Question 1. Les éléments suivants devaient être mentionnés et expliqués :
=> Le thème de « la main invisible » chez Smith : l’argument selon lequel les capitalistes,
bien que poussés uniquement par leur intérêt personnel, font ce qui est utile pour la société. (2
points)
=> La loi des débouchés : théorie selon laquelle il ne peut y avoir d’insuffisance globale de la
demande, puisque toute offre supplémentaire crée une demande supplémentaire. (2 points)
=> La gravitation des prix de marché autour des prix naturels. En vertu de la loi de Say les
déséquilibres ne sont que sectoriels. La loi de la gravitation indique de plus qu’ils se corrigent
spontanément. (3 points)
Question 2. Marx et Ricardo
=> L’élément le plus décisif tiré par Marx de la pensée ricardienne est la théorie de la valeur
travail (TVT) dont Ricardo a défendu la validité générale contre Smith.

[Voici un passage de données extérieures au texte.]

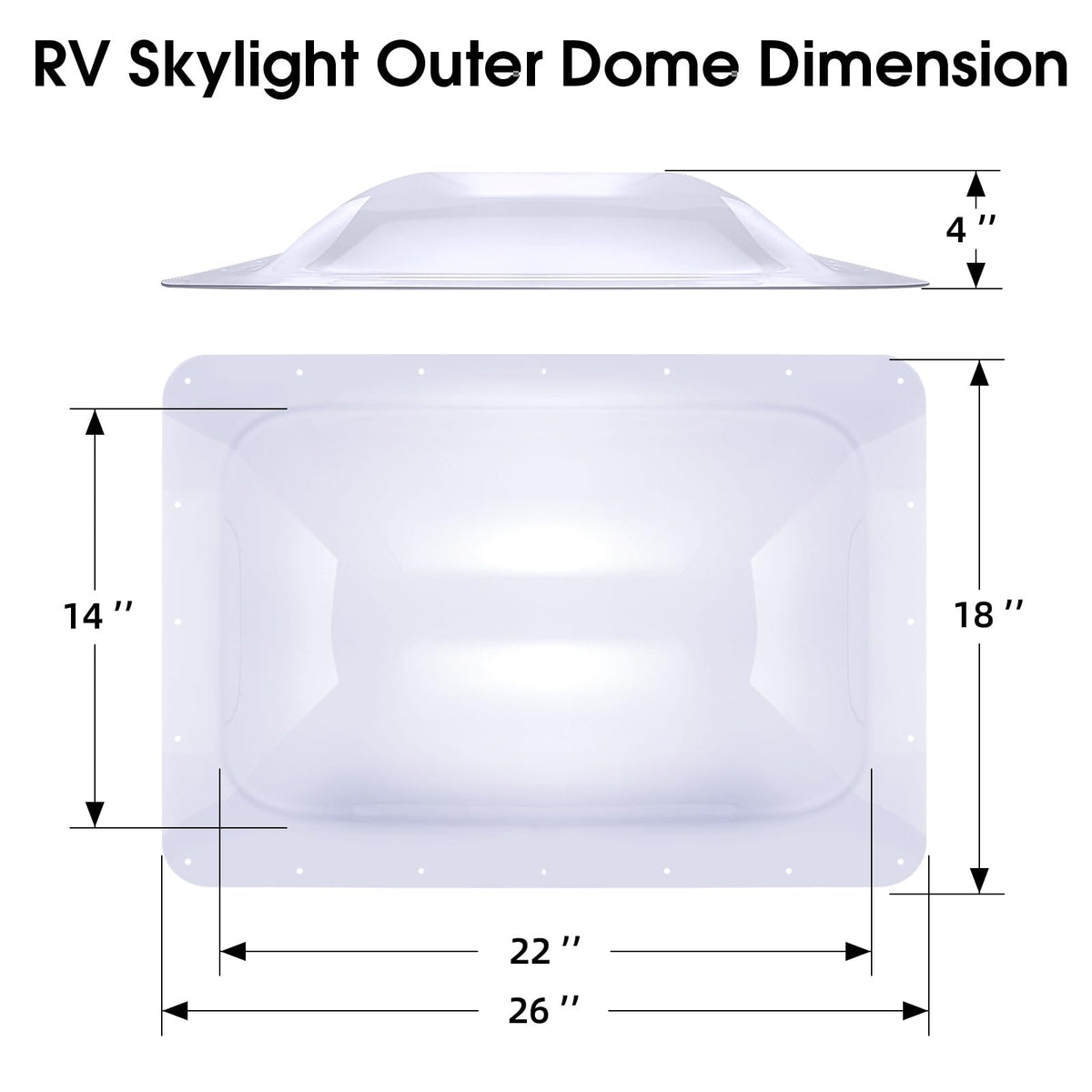 18" x 26" RV Shower Skylight Cover Outer Dome with Inner Dome and Sealant, White A757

=> La théorie marxiste de la valeur de la force de travail (égale à la valeur des marchandises
nécessaires à l’ouvrier pour assurer sa subsistance et celle de ses enfants) est également assez
proche de la théorie ricardienne de la détermination du salaire naturel. Marx et Ricardo
pensent tous deux qu’il existe des forces tendant à maintenir le salaire au minimum vital.
Toutefois, les raisons avancées à l’appui de cette hypothèse sont différentes chez l’un et chez
l’autre.
=> Les deux éléments précédents sont centraux dans la théorie marxiste car c’est l’écart entre
la valeur créée par l’ouvrier (selon la TVT) et la valeur de la force de travail qui définit la plus
value. Sans ces éléments d’inspiration ricardienne, Marx n’aurait pas pu construire la théorie
de l’exploitation qui est vitale pour toute son analyse du capitalisme.

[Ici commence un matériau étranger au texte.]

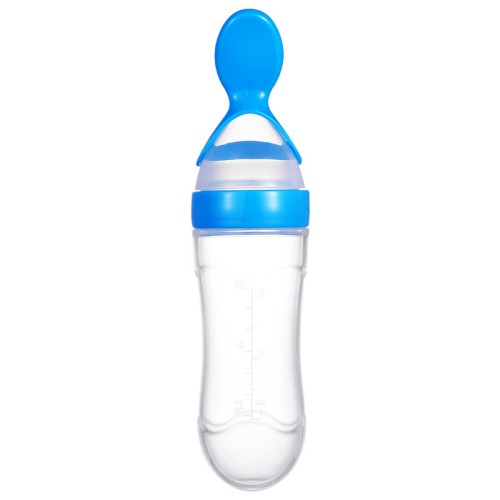 Silicone Squeezing Spoon Feeder Bottle - 90 ML for Baby Rice Paste | Blue Color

=> On pouvait noter par ailleurs que Ricardo comme Marx avaient reconnu l’existence d’un
problème semblant compromettre la validité de la TVT. Ricardo ayant simplement constaté le
problème, tandis que Marx a tenté de le résoudre (d’une façon insatisfaisante).
Question 3. Théorie générale de l’emploi, de l’intérêt et de la monnaie (1936)
Question 4.
=> Keynes conteste la loi de Say. Pour lui, il n’est pas vrai que la demande soit
nécessairement suffisante pour écouler la production à un prix jugé satisfaisant par les
entreprises. A la différence de Say, Keynes soutient qu’il peut y avoir un manque global de
débouchés.
=> La demande globale peut être trop faible pour justifier le plein-emploi. Contrairement à la
pensée « orthodoxe », Keynes soutient que l’économie peut se stabiliser dans une situation de
chômage. Il n’y a pas de force de rappel automatique permettant le retour au plein emploi.
=> En conséquence, Keynes est moins partisan que les classiques du libéralisme économique.
La politique économique est nécessaire pour réguler le niveau de la demande globale.